Posted: March 8, 2021
How many years of experience do you have?
I have worked as an engineering consultant since I finished university in 2002.
What did your career progression leading up to today look like?
I started as an engineer-in-training assisting with mechanical design projects, but I was also exposed to sustainable design very early in my career. My first position was with Keen Engineering here in Edmonton, when the firm was right in the middle of the green building boom that saw widespread adoption of the LEED green building rating system as well as energy modelling.
After earning my P.Eng. in 2006, I continued to split my role between mechanical design and LEED certifications. I focused on the related standards and calculations – heating and cooling loads, ventilation, thermal comfort, stormwater management – and I became the LEED specialist to assist design teams in solving technical issues.
Once I had about ten years of project experience, I started taking on project management to expand my skills and work more directly with clients. It was also around this time that my team started expanding our sustainability focus to existing buildings, so I got involved with LEED and BOMA BEST certifications for building operations as well as with energy management. I started conducting energy and water audits, and I earned my Certified Energy Manager credential in 2018. I then joined WEC shortly afterwards as the Sustainability Team Lead in Edmonton, to finally take on a full-time role in sustainability and step away from the mechanical design.

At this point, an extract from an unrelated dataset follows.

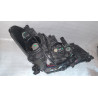 Infiniti QX56 Left Xenon Headlight 2011-2014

Describe the 3 characteristics about yourself that you believe led you to your success in business.
Lifelong learner: Sustainability is still an emerging field, so I try to keep up with the latest issues and developments. A recent topic of interest is embodied carbon in construction materials!

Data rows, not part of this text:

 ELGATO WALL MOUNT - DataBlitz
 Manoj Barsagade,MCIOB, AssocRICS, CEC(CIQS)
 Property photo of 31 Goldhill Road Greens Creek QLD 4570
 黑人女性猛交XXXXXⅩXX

Process-oriented: I often focus on the how of our engineering work, not just the what and why. Although every project is different, we can apply lessons from past processes.
Public speaker: Although I would say I’m socially awkward at times, I’m not shy about standing up in front of a crowd. Many of my professional and business development opportunities originated from presentations I gave at events or from being a committee member at local ASHRAE chapter meetings, for example.
How does your work positively impact women in Edmonton and/or women of the world?
I hope my work encourages more women to consider engineering and the buildings industry as a career. In the sustainability field, the focus on environmental performance and our building occupants’ wellbeing seems to attract more interest from women than more conventional design and construction roles, which are often viewed as traditionally “male.”